I don’t recall the staircase bannisters to the front door being painted teal or even the walls blush-orange. I like it. I don’t recall feeling the sanded pineboards beneath my bare feet before. I like it.
The sunlight pours oblong-shaped through the letter box onto the floor.
I am delighted (delighted!) and (as ever) a little surprised, to discover that there is a handwritten letter among the mail for a Ms. B (flat 9). I don’t recall her living here. I don’t recall there being nine flats.
But, of course, there is another floor beyond mine.
The attic is reminiscent of Wellesley Rd. where I lived in the early 1980s, except that it is divided into studio flats. The doors are graffitied (as they would be in certain Berlin districts). There are no numbers. Leslie R comes out of one door onto the landing and asks me if there is any mail for him. I tell him no, but that there’s a letter for Ms. B. He looks disappointed. He says he’s never heard of her and doesn’t know which door is number 9. I find this odd as (in real life) he is a postman. He goes back into his room.

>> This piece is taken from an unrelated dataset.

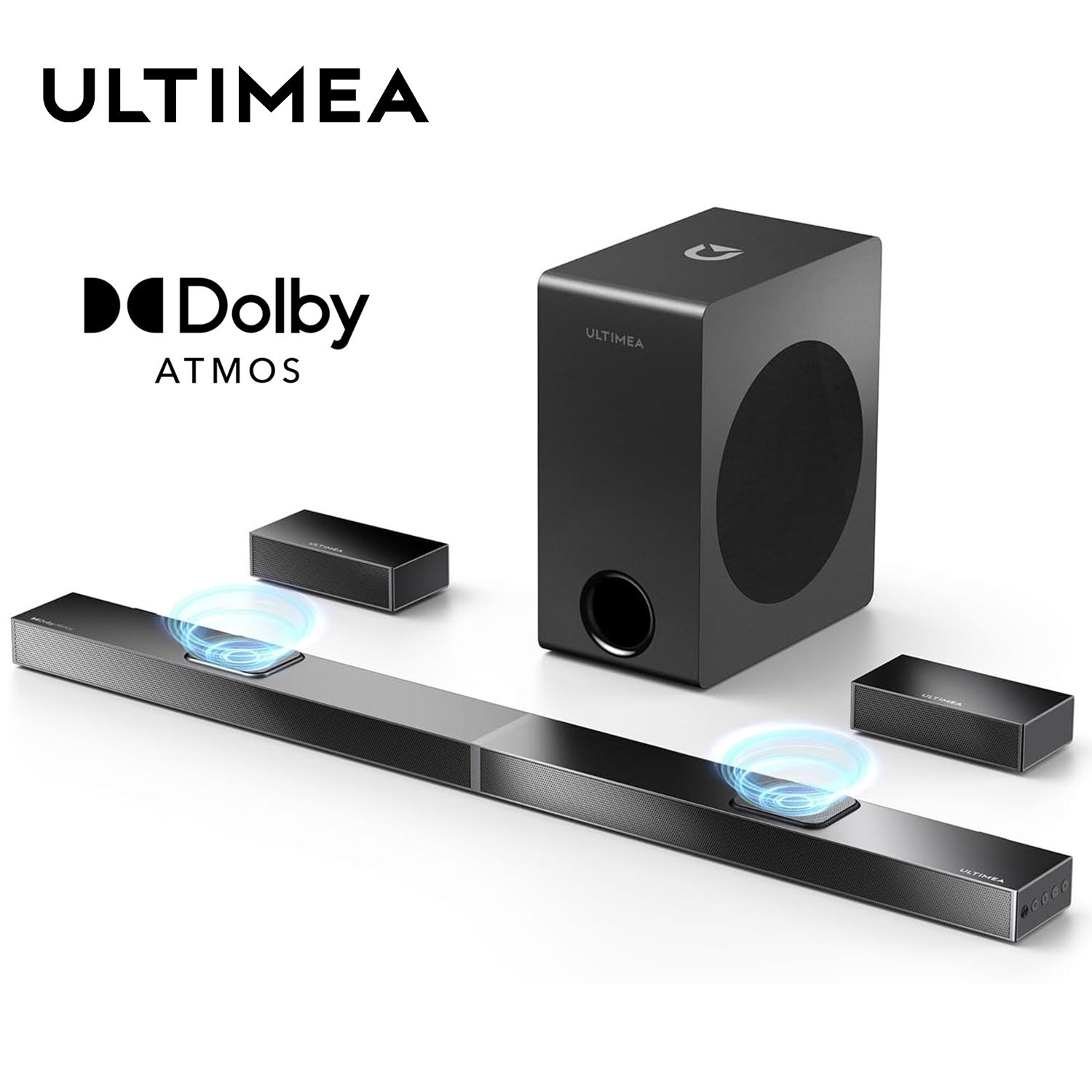 520W 5.1.2 Soundbar Dolby Atmos Smart TV,4K HDR Pass-through Wireless Bluetooth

There is a kettle on the landing, so I boil water and as the water heats I prepare a tray with a handful of tiny glasses spooning coffee granules and molasses into each.
I knock on each door.
Leslie is sat at a computer monitor. I leave a coffee with him. Two other rooms seem empty. The final door is ajar. I knock, there is no answer, but I can hear noises inside, so I go in. The room is cold. Ms. B is in bed by the window. She is talking in her sleep and appears to be having a bad dream. The window is open and pieces of paper blow around on the floorboards. Birds have flown in, too. They wander around, foraging. She has bed hair and wears a white shirt. “You were dreaming,” I say. “Mm, molasses,” she says. When I mention all the birds that have flown in she hides beneath the covers while I shoo them out the window one at a time (several excitable sparrows, two indolent pigeons and two unknown birds). I close the window and collect the paper as she reads her mail and sips coffee.
Nestled in a dell in the depths of the forest we come across a knuckle of a village. The buildings, pale and detailed with red timbers, rise up into the shadows from the empty dirt street that cuts through the centre. The windows of the buildings are thrown open and curtain rags fly. There is silence.
In and out of houses trying to find somewhere to hide. The army approaches through the forest – unseen and unheard – but they are coming.
In a church there is a space to hide behind the organ. There are several others concealed here already. We hold onto pipes and ropes in silence.
From our hidden space we watch the boots of the soldiers pass up and down the stone floor of the church in silence.
With some great effort I have dragged my mattress down to the beach where it is to be thrown into the sea. Jess C has set up a network of pretty fairy lights strung between poles that she has stuck into the sand. She sits beneath its glow in a thin blouse with silver collar tips with her knees drawn up to her chest. The waves crash behind her onto the dark beach.
I am somehow in the air, watching the scene unfold. It is something like an Aborigine painting I once saw in a gallery – a series of symbols and colours and simple figures that convey both a moment and the passage of time: the drag marked sand trail made by the mattress, the footprints in the sand, the scribble of star-like fairy lights, the seated figure, the comma of a figure that is me. The rectangle of mattress, like an eraser. The white scrawl of surf line, the black-blue expanse of sea, the smear of beam emitted from the distant lighthouse at St. Mary (itself rendered as a simple circle). The town is there, too, unseen in the distance, but its presence is heavy; perhaps it is a sleepy, darker shape at the edge of the page?
She has written something in the sand at her feet with her finger. But I am too high, too far away as yet to be able to read it. The night air is incredibly warm and windless and I am aware of both the disconnect and the connect between all the points below me.